I am trying to read a csv from Azure blob into Python as a stream and write it back to Azure blob directly. Read operation works perfectly fine butwriting output stream just writes an empty file into the blob. The following code works until print(df) but not after that.

Below is the code:

Code:

from io import BytesIO, StringIO

with BytesIO() as input_blob:   

  with BytesIO() as output_blob:

    block_blob_service = BlockBlobService(account_name='aaaccc', account_key='*/*/*--')

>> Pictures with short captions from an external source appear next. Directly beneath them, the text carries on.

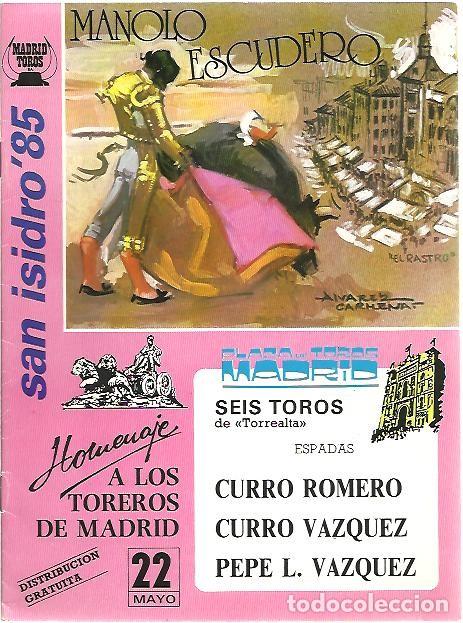 Libros: SAN ISIDRO 85. - PROGRAMA. - Foto 1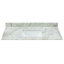 Plateau de meuble-lavabo simple en granite avec lavabo 43 po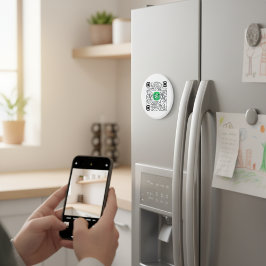 Imán de código QR de aplicación de efectivo person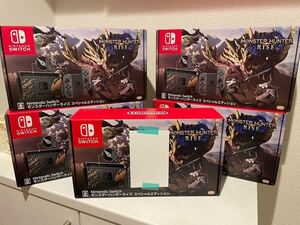Nintendo Switch モンスターハンターライズ スペシャルエディション 6台セット 新品未開封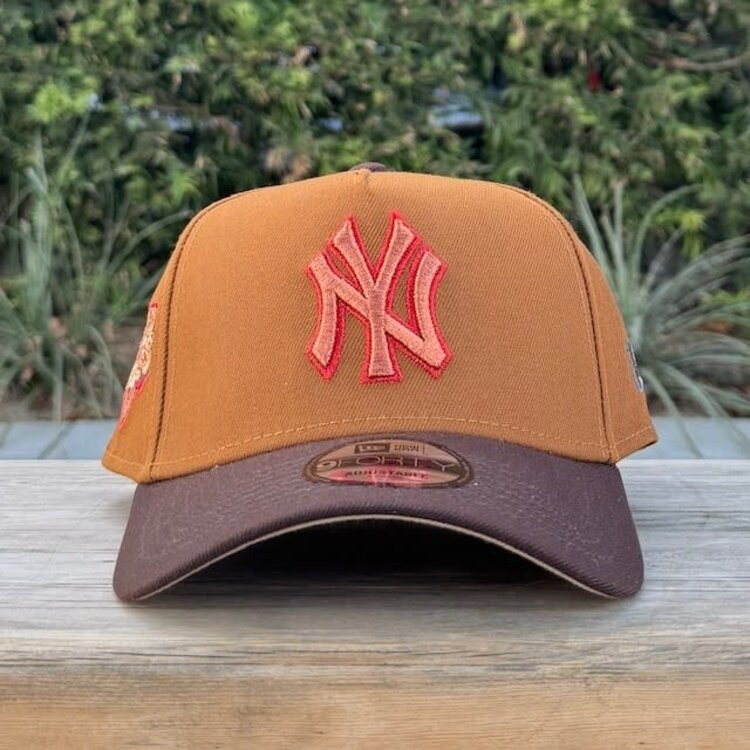 New Era NY Peanut/Dark Brown Outline 2009 WS Khaki UV 940AF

    block_blob_service.get_blob_to_stream('test', 'Source.csv', input_blob)

    input_blob.seek(0)

    df=pd.read_csv(input_blob)

    print(df)

    copyfileobj(input_blob, output_blob)

    block_blob_service.create_blob_from_stream('test', 'OutFilePy.csv', output_blob)
1
what does copyfileobj function do? can you edit your question and paste the definition of that?Saher Ahwal
@Saher, copyfileobj copies the input stream to output stream.. I am trying to write the copied output_blob into blob storage but it just writes an empty fileAngiSen
I think the problem may be input_blob's cursor is at EOF after pd.read_csv. A input_blob.seek(0) after read_csv maybe helpful.Sraw
Fantastic Sraw, it works!! one last question... what if i have to make some operations on dataframe and write the modified dataframe as stream into blob?AngiSen
@Sraw You could move your comment to the answer to help more community members to find, thanks.Joy Wang-MSFT

1 Answers

4
votes

The problem is that after pd.read_csv, the cursor of input_blob is at EOF. So copyfileobj just copy nothing to output_blob.

You can just add an input_blob.seek(0) after read_csv to fix this problem.